True Airspeed (TAS) Calculator

Calculate true airspeed from indicated airspeed, altitude, and temperature

Convert calibrated or indicated airspeed to true airspeed using pressure altitude and outside air temperature, with density altitude shown. Pilots use it for flight planning, nav-log construction, and wind-correction-angle work. Runs in your browser. It runs free in your browser on Gera Tools, with nothing uploaded.

Last updated Source: Gera Tools

Why is true airspeed higher than indicated airspeed?

As you climb, the air thins, so the airspeed indicator under-reads because it senses dynamic pressure from fewer air molecules.
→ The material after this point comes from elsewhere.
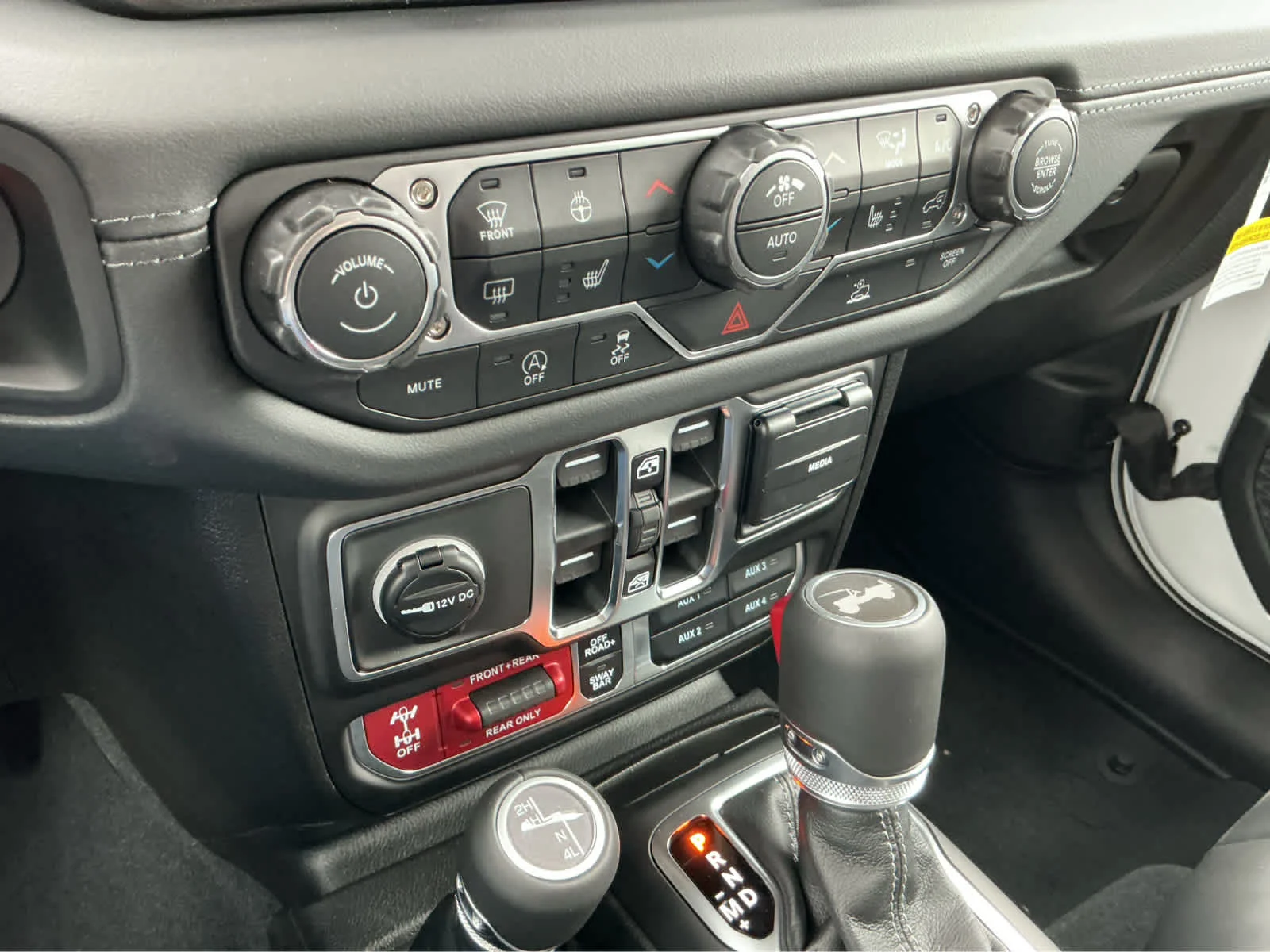 New 2026 Bright White Clearcoat Jeep Rubicon image 29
True airspeed corrects for this lower density, so it grows roughly two percent for every thousand feet of density altitude.
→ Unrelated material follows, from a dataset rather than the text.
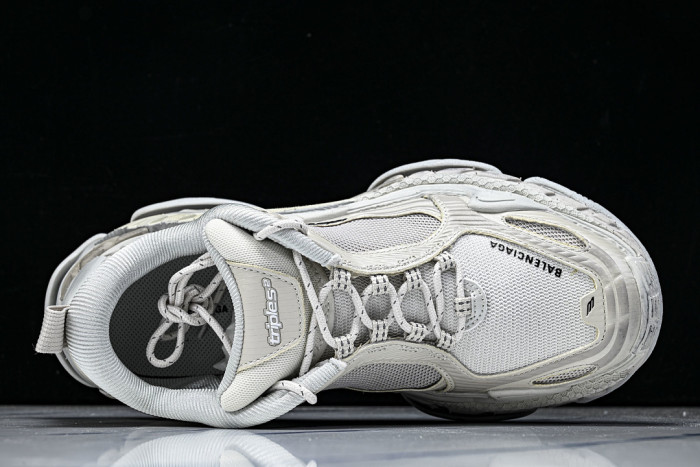 BLCG SNEAKER TRIPLE.S SNEAKERS WTRS2919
True airspeed is the speed of your aircraft through the air mass, which is what flight planning and wind calculations need, rather than the lower number your airspeed indicator shows in thin air. This calculator converts calibrated airspeed to true airspeed using your altitude and temperature.

How it works

The conversion is driven by air density, expressed as density altitude:

ISA temp     = 15 − 1.98 × (pressure altitude / 1000)   °C
density alt  = pressure altitude + 118.8 × (OAT − ISA temp)   ft
density ratio σ = (1 − 6.875e-6 × density altitude)^4.2561
TAS          = CAS / √σ

As density altitude climbs, the density ratio falls below one, so dividing by its square root scales calibrated airspeed up to true airspeed. The familiar rule of thumb, adding two percent per thousand feet of density altitude, is shown alongside for a quick check.

Example and notes

Cruising at 120 knots calibrated, 8,000 ft pressure altitude, with an outside air temperature of 0 degrees Celsius gives a density altitude near 9,200 ft and a true airspeed of about 138 knots. Always correct indicated airspeed to calibrated airspeed using your flight manual before entering it, and remember that on a hot day the density altitude, and therefore the airspeed correction, grows even at the same pressure altitude.

Why TAS matters for navigation and flight planning

Groundspeed = TAS ± wind component. Your airspeed indicator always shows indicated (or calibrated) airspeed, which is what aerodynamically matters for stall speed and performance tables. But to calculate how long a leg takes or what ground track to expect, you need the actual speed through the air mass, and then you add or subtract the wind. At sea level on a standard day, indicated airspeed equals TAS. At 10,000 ft, TAS is roughly 20% higher — a Cessna indicating 100 knots is actually moving through the air at around 120 knots, and planning with the lower number would produce meaningful navigation errors on longer legs.

Fuel and endurance planning also depends on TAS. Fuel burn is driven by engine power, not ground speed, and the engine is burning fuel while it is running — so flight time is endurance in the air, which is distance divided by TAS (ground speed gives you time to a point accounting for wind, TAS gives you how long the engine runs). Both numbers matter and this calculator gives you the TAS component cleanly.

The rule of two percent

The simple rule of thumb — add 2% of indicated airspeed for each 1,000 feet of density altitude — is printed in many flight training texts and is close enough for mental arithmetic during planning. For example, at 8,000 ft density altitude: 100 knots indicated × (1 + 0.02 × 8) = 116 knots TAS. The formula-based result will be slightly different because the density correction is not perfectly linear with altitude, but the rule is accurate to within a knot or two at typical general-aviation altitudes. This tool shows both so you can cross-check which to trust at your specific altitude and temperature.

Hot weather and high elevation airports

Temperature above the ISA standard raises density altitude significantly above pressure altitude. On a hot summer day at a high-elevation airport, density altitude can be 3,000–5,000 ft above the field elevation. This inflates TAS relative to what a pressure-altitude-only correction would suggest, and it also reduces aircraft performance (longer takeoff roll, lower climb rate). Always enter the actual OAT from your OAT probe or the ATIS, not the standard ISA temperature, to get a realistic TAS and density altitude.